Youth Slam Takes Sight Impaired Students To New Heights

Posted on Jul.29, 2009, by , under Educational, Inspirational Stories

COLLEGE PARK, Md. – Blind high schoolers from across the country this week will build an environmentally friendly model home, launch weather balloons or create robots. And some will even drive a car!

The University of Maryland is hosting nearly 200 blind or low-vision high school students to try their hand at careers never thought possible for them: engineering, architecture, robotics and science. The National Federation of the Blind is holding its biennial Youth Slam here at the suggestion of Leigh Abts, a research associate professor in the College of Education with a longtime interest in opening science, technology, engineering and math fields to people with visual impairments.
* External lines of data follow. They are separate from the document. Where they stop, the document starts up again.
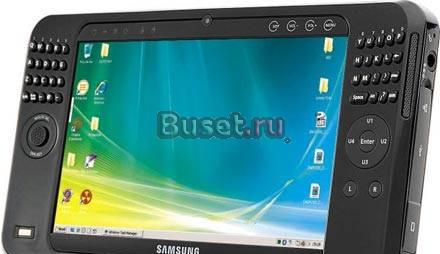 Продам нетбук Samsung Q1 Ultra Москва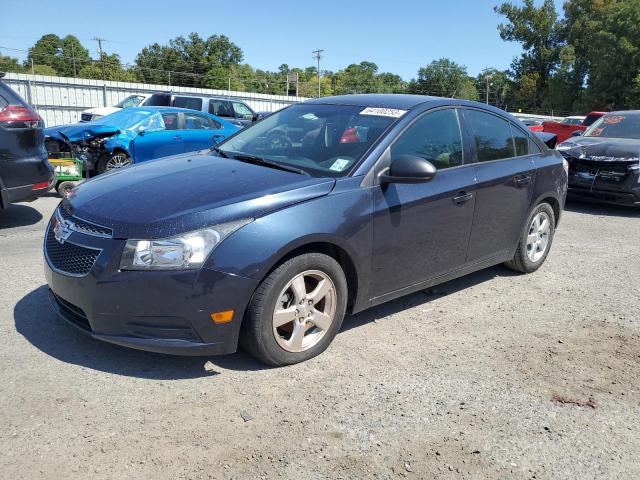 CHEVROLET CRUZE 2014 1g1pa5sh2e7196851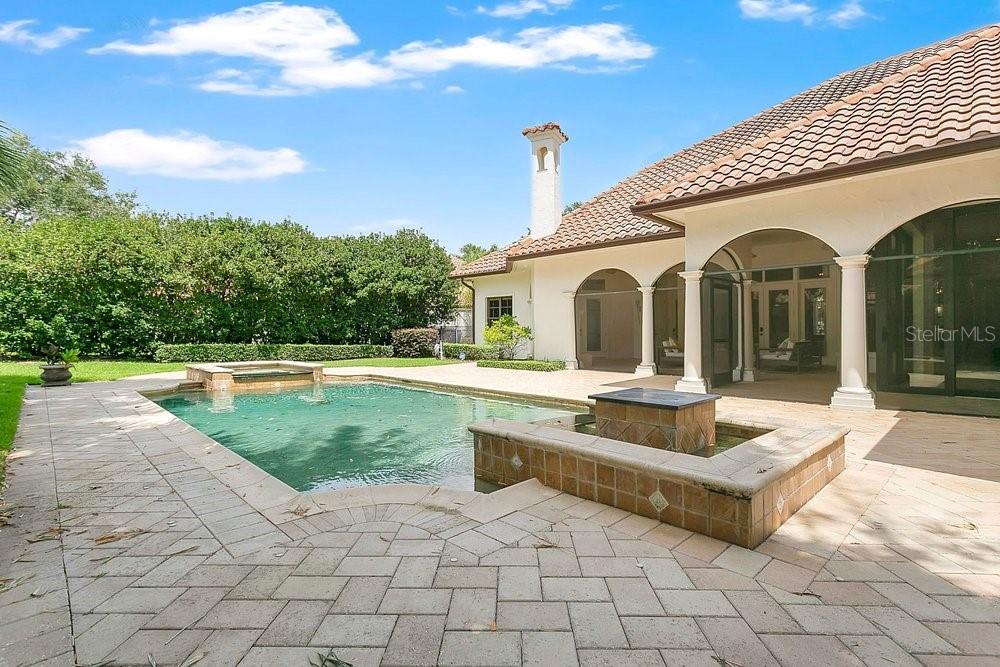 RESERVE AT LAKE BUTLER SOUND - Residential Lease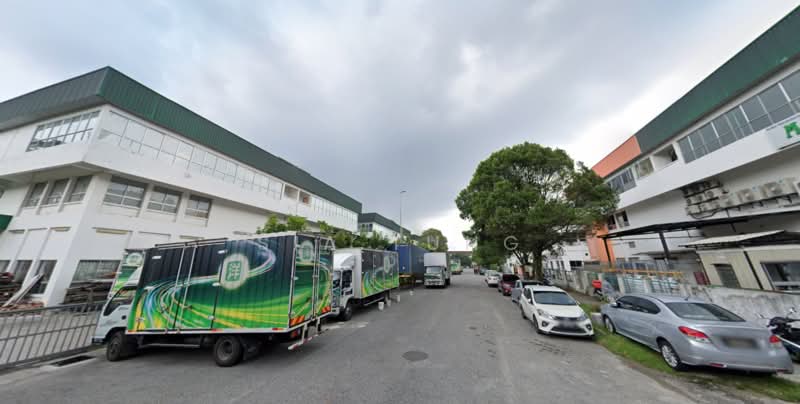 Factory for Rent in Shamelin Heights Business Park (Kuala Lumpur) - Sia Tung - Exterior - PropertyGuru.com.my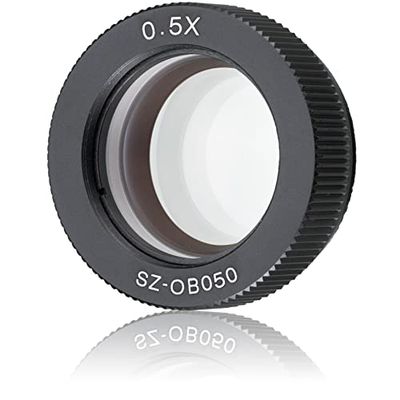 Bresser Objective Lens 0,50x for Micrroscope Bresser ETD-101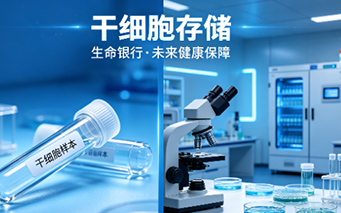 干细胞存储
“We’ve done some research and found that a lot of blind high school students go into college with a notion of what they are going to major in, but it’s not usually their choice,” said Karen Zakhnini, education project manager with the federation’s Jernigan Institute. A lot of times and their teachers or their guidance counselors or their parents have told them, “This would be good for you because you can actually do this.”
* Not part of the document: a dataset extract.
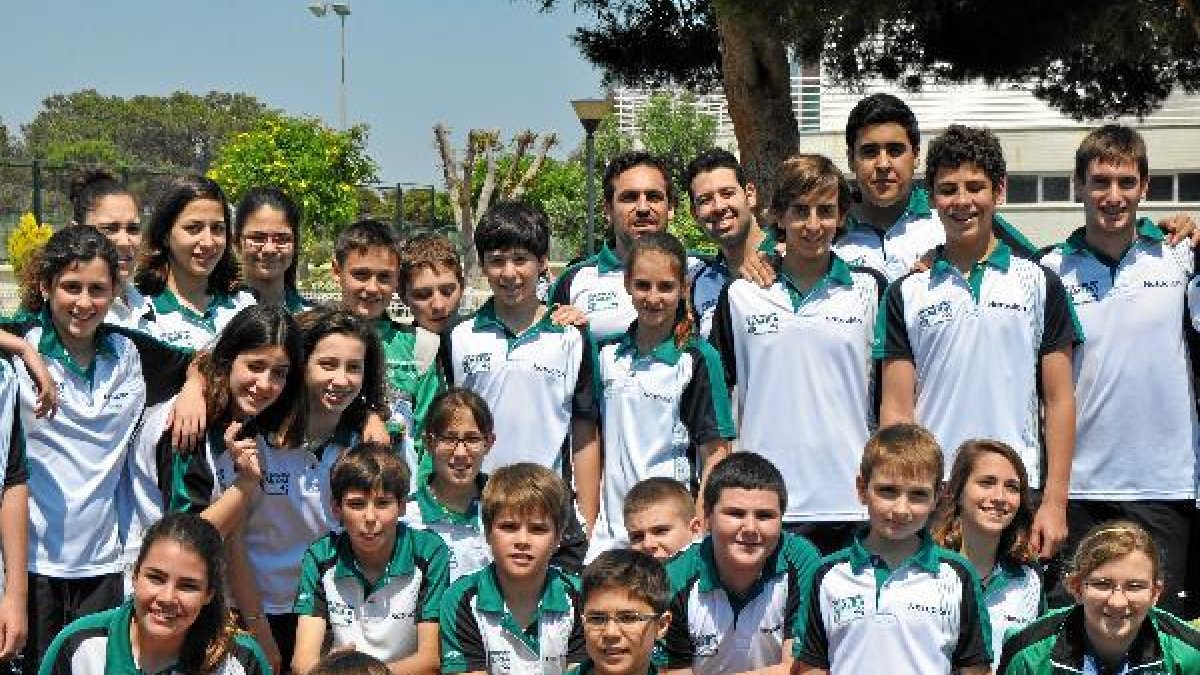 Unos campeones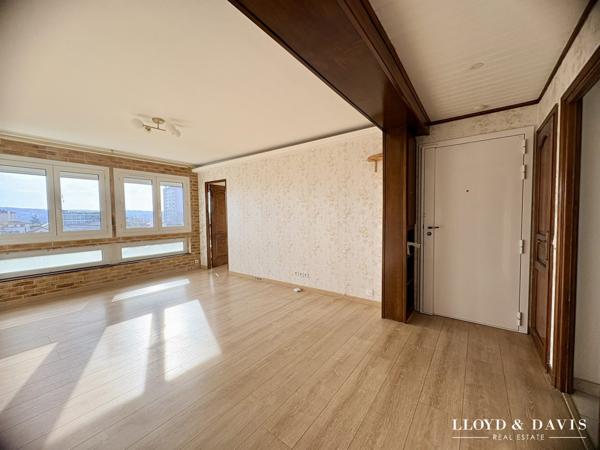 Appartement 4 pièces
She said this program helps young people understand what they can do and decide if it’s what they want to do. As part of the weeklong event, college students and working professionals serve as living examples.

Nathan Redman, a rising high school senior from Nebraska, didn’t know what to expect. In the universal language of teenagers, though, he sums up what many of them feel on the first day: “It’s going to be awesome.”

On Monday, he and his peers flicked their canes open to navigate an unfamiliar, large campus to attend different sessions based on their interests. Nathan worked on designs for a green model home using wood blocks, flexible wax tubes and paper with raised grids….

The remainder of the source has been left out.